E' la dimostrazione che ne ho di strada da fare, che gli 11 mesi di torte che mi aspettano, saranno necessari per unire l'amore di un gesto all'amore di tanti gesti, a quelli che creano per amore.
Abuso indiscriminato della parola amore. 

Torta in forno
Il fatto è che in realtà, per cominciare questo racconto, avrei dovuto parlare di Suor Elena, la suora che mi ha "cresciuto" con l'amore di una mamma e grazie alla quale sono molto di quello che sono.
Ho passato con lei 5 anni di elementari e mille anni di catechismo, fino al dopo cresima.
Ne avevo 17 quando mi sono finalmente staccata dal nido.
Dopo di lei sono entrata in chiesa solo per cerimonie.
Era lei la mia chiesa e lei la mia casa.
Mi rifugiavo tra le sue braccia e l'ho continuato a fare fino a che ho potuto.
Suor Elena è stata molto male per diverso tempo e non l'ho potuta vedere dai famosi 17 fino ai miei 25 anni. Per quanto il primo allontanamento fosse stato volontario, un allontanamento di crescita, mi è mancata subito come manca una mamma.
Non avevo altro strumento che lo scriverle e le ho sempre scritto, sempre, tutti gli anni.
Le raccontavo la mia vita con gli auguri di Natale.
Nel 1998 ho saputo che era tornata a Tivoli, dalle suore del suo ordine, per reintegrarsi finalmente nell'ambiente scolastico.
L'avevo saputo perché dopo anni di silenzio, aveva risposto ad uno dei miei biglietti.
Le avevo scritto che andava tutto bene e che anche senza papà me la riuscivo a cavare con la tabaccheria (la mia attività di quel periodo). Le avevo scritto che auguravo anche a lei di stare meglio e di tornare presto e che le volevo bene.

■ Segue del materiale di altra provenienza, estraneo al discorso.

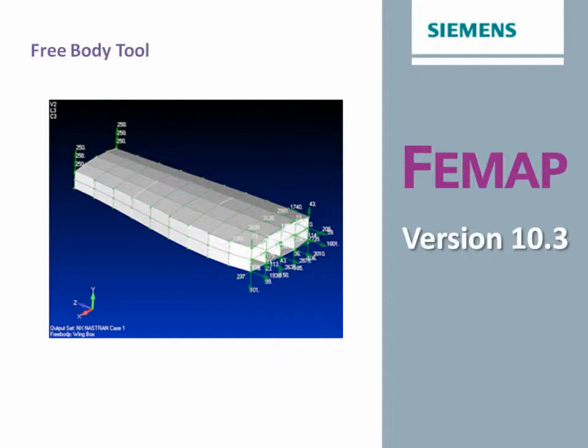Welcome to the FEMAP 10.3 What's New video series. In this video we'll take a look at the new FEMAP Free Body tool that provides a powerful way of graphically displaying load transfer in a model.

La sua risposta mi spiazzò. Mi scrisse "Da quello che mi scrivi capisco che non sei felice. Non puoi stare chiusa tra 4 mura tu. Non è questa la tua vita".
Piansi per 24 ore di seguito. Giuro. Di seguito.
Aveva capito la mia infelicità dagli auguri di Natale?
E perché? Era la mia coscienza o trasudavo malinconia?
La andai a trovare appena mi fu possibile. Avevo bisogno di tornare nel suo nido.
Quel giorno non lo scorderò mai.
Avevo paura come quando ci si legge nell'anima e si sa che molte cose non ci piaceranno.
Perché lei sapeva leggermi.
L'ultima volta che l'avevo sognata, mi veniva incontro con un piede rotto e con un piede rotto la rividi dopo tutti quegli anni.
Era ed è una donna speciale la cui infinita bontà prescinde da qualsiasi abito indossi.
Mi disse solo poche cose, mi parlò di mio padre e dell'amore che mi dava, mi parlò dei suoi anni lontana e mi chiese dei miei.
Ho ancora forte il calore del suo abbraccio e l'importanza della frase che mi disse prima che andassi via: "Ricordati. Tu ogni mattina devi guardarti allo specchio e ripeterti che sei degna di essere amata".
Lo aveva capito subito che era lì, il problema.
Torta pronta!

E' vero Lelena, non me lo sono più detto...non l'ho fatto che per pochi mesi.
E ora faccio torte senza amore e scelgo titoli di merda per i miei post.